When my kids were little I worked so hard to get the perfect picture of them and now that they are old enough to sit still and smile on command I no longer bother. 
Case in point: 
This is all I have to show for the 4th of July. It they were toddlers I would have tossed candy at them and stood on my head for an hour trying to get them to look at the camera.
I guess I used up all my energy, because these days I just hold the iphone up and hope one of my kids gets in the frame. No focus, no zoom, no flash. Just a half-hearted snap and I call it good.
Anyway, our 4th of July tradition is still just as fun. The older Bode gets the more likely it is that he will stay clothed all the way through the event (I kind of miss these days). He did pee on a tree in plain view of the entire town but that was only because I insisted he not use the community port-a-potty.
It turns out you're never too old for light saber battles, in public.
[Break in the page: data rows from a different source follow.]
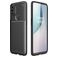 Mobigear Racing OnePlus Nord N100 Hülle Flexibles TPU Backcover - Schwarz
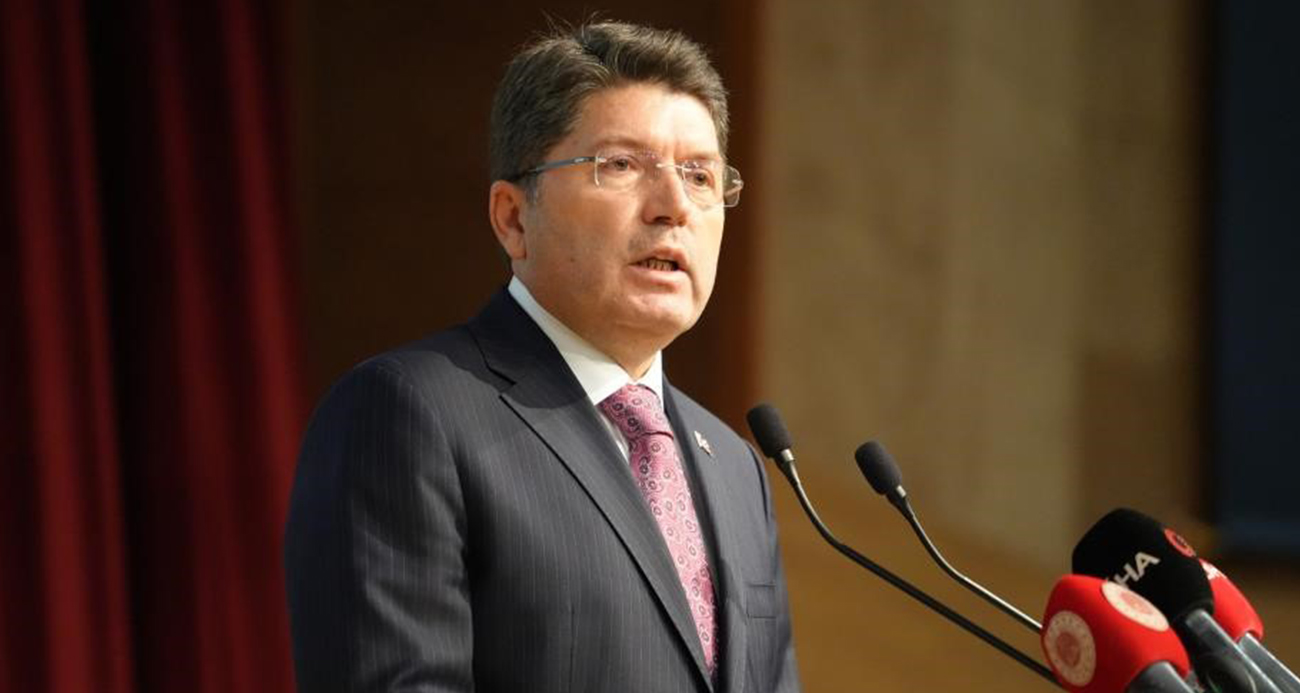 Adalet Bakanı Tunç: ''Adli emanetlerle ilgili sayımlar, teftişler devam ediyor''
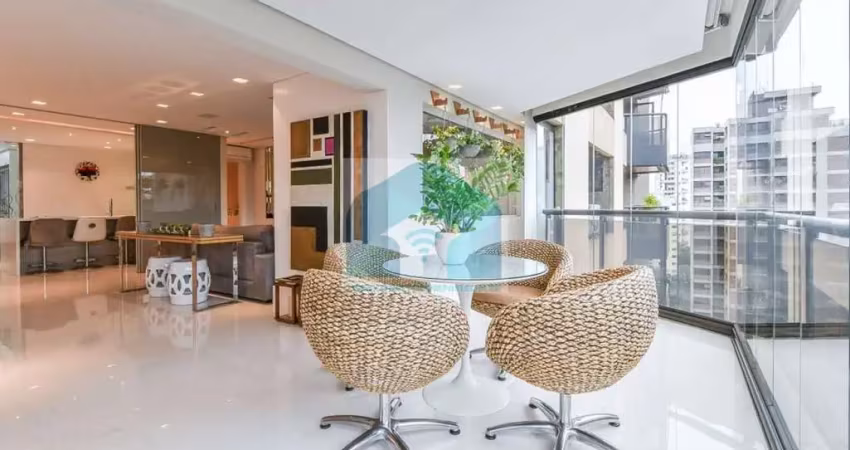 Maravilhoso apartamento na vila nova conceição - ao lado ibirapuera
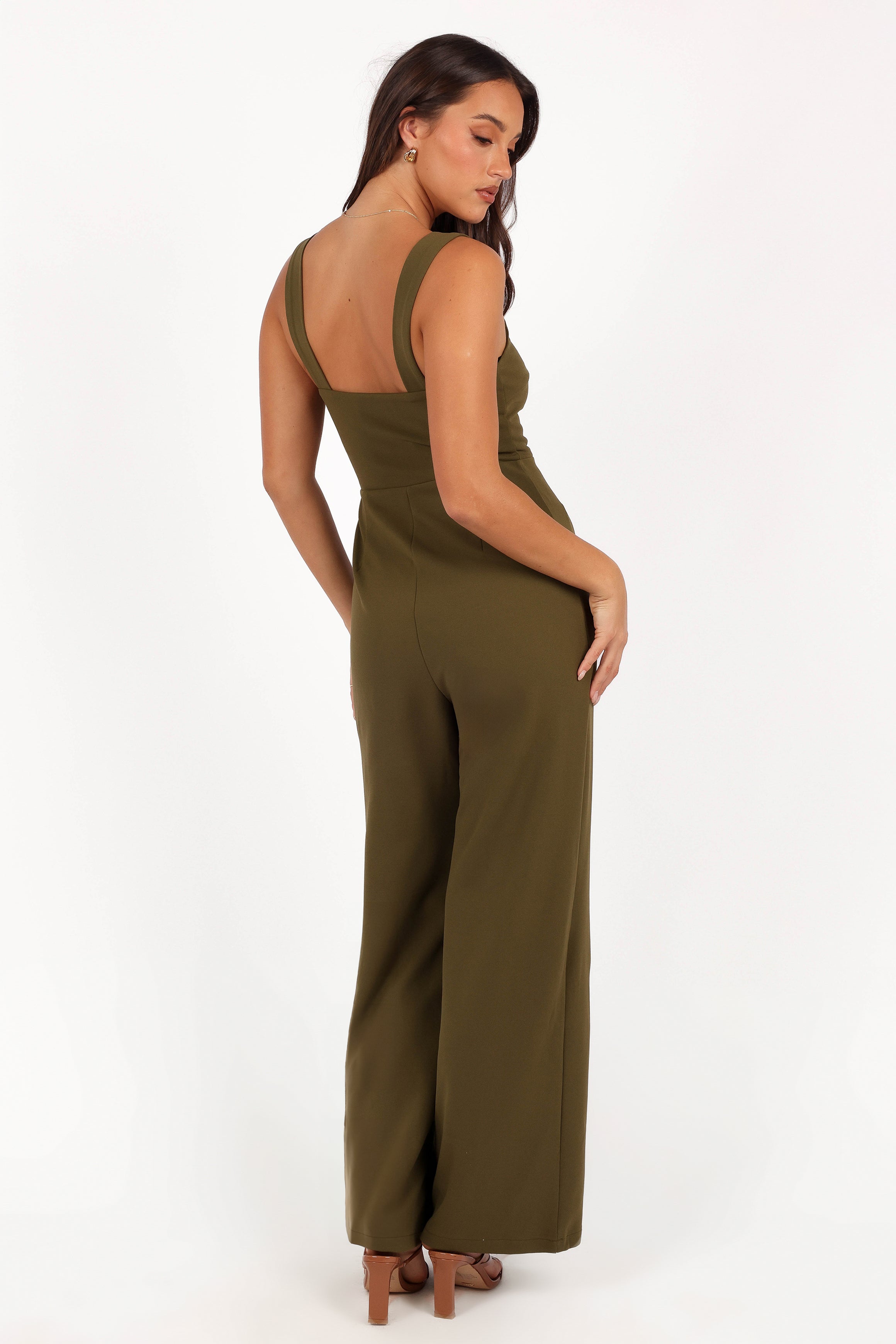 PLAYSUITS Hyatt Jumpsuit - Olive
Sunday our church celebrated it's 50 year anniversary. Andy decided that it would be a great idea for us to plan an old fashioned pot-luck lunch for 2,500 people. It almost ended our marriage, but somehow it all came together and we are speaking to each other again.  Even if the entire thing would have ben a disaster it would have been worth it to receive the most amazing "side dish" ever:
A sweet lady (whom I'm fairly certain does not have a computer, let alone internet) brought in this 6-pack (with one missing) of Kool-Aid as her side dish. Now that takes some confidence. If you do happen to see this post - you are awesome. You march to the beat of your own drum and you don't let anyone define what a side dish is for you. Kudos!
And these sweet little future casserole bakers dried 5 million utensils. We teach 'em young at MRCC.